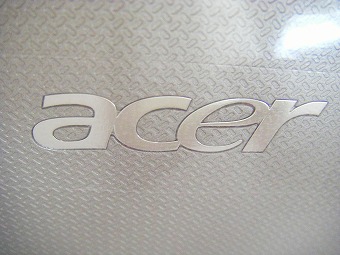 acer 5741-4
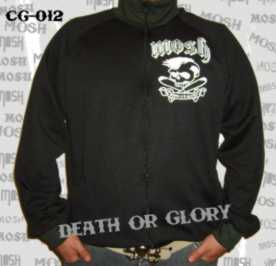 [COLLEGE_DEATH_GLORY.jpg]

**********

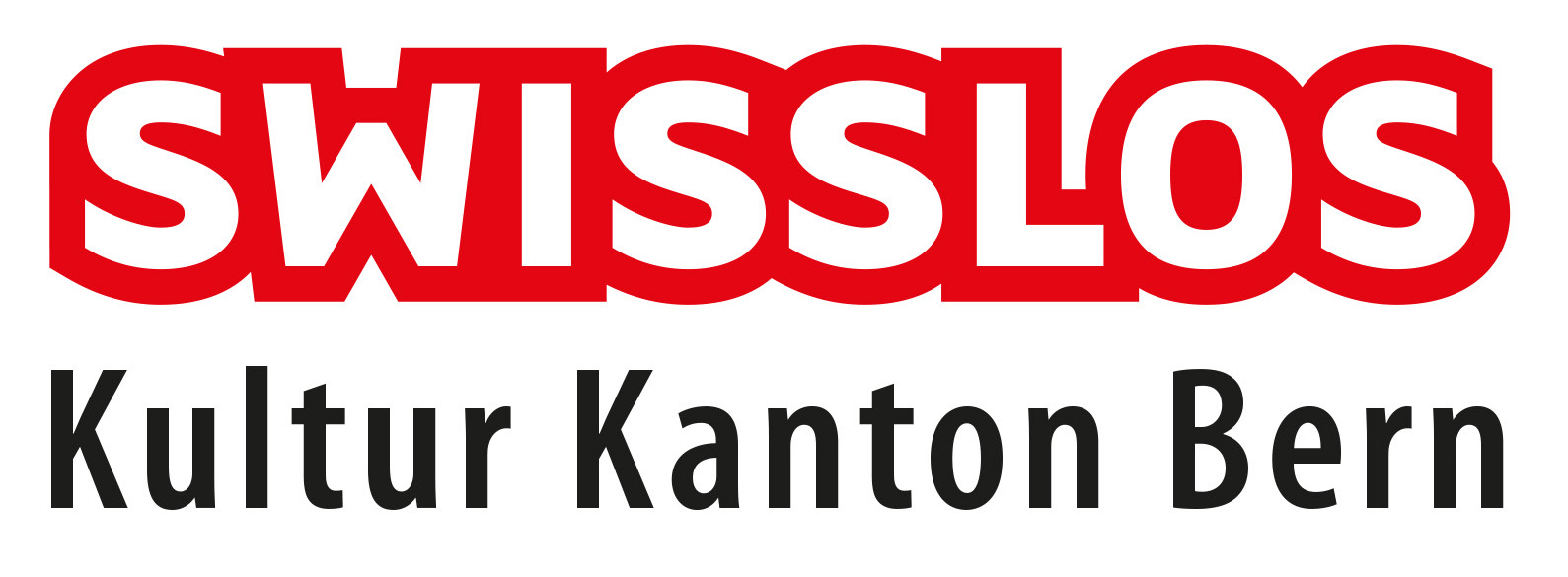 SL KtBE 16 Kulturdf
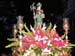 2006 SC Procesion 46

**********

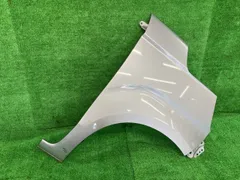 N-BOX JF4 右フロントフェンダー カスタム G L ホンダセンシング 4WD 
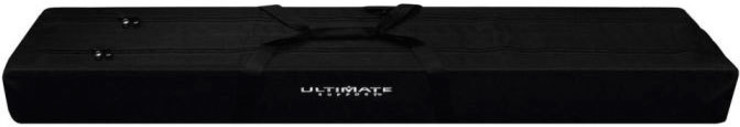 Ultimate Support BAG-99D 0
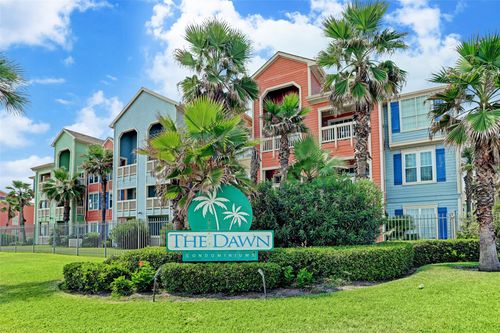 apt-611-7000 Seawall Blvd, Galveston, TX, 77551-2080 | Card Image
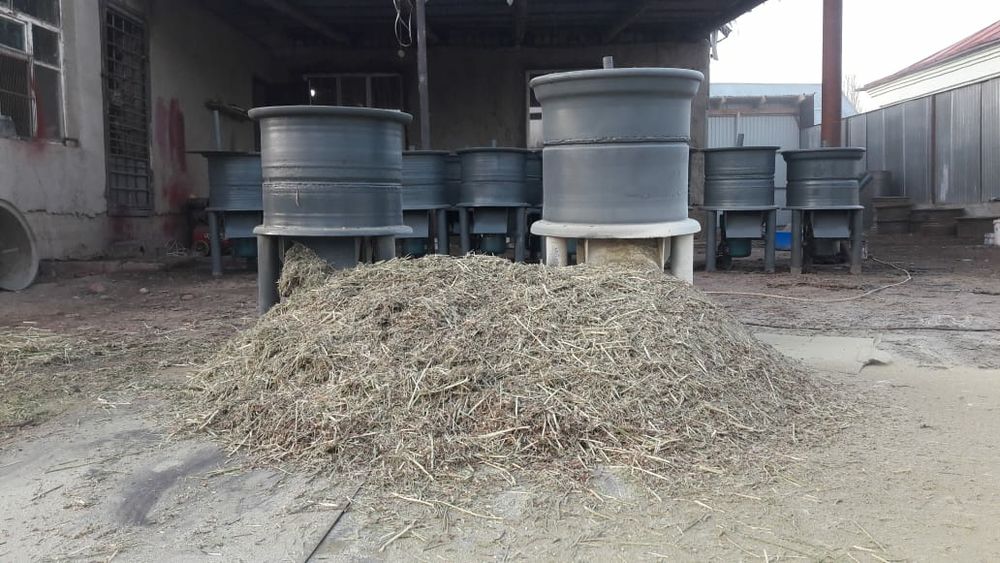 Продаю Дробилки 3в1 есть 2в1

**********

The copy should hold only the lines from the one with "Ultimate Support BAG-99D 0" through the one with "Продаю Дробилки 3в1 есть 2в1", exactly as they stand above. Leave out the pictures.

 Ultimate Support BAG-99D 0
 apt-611-7000 Seawall Blvd, Galveston, TX, 77551-2080 | Card Image
 Продаю Дробилки 3в1 есть 2в1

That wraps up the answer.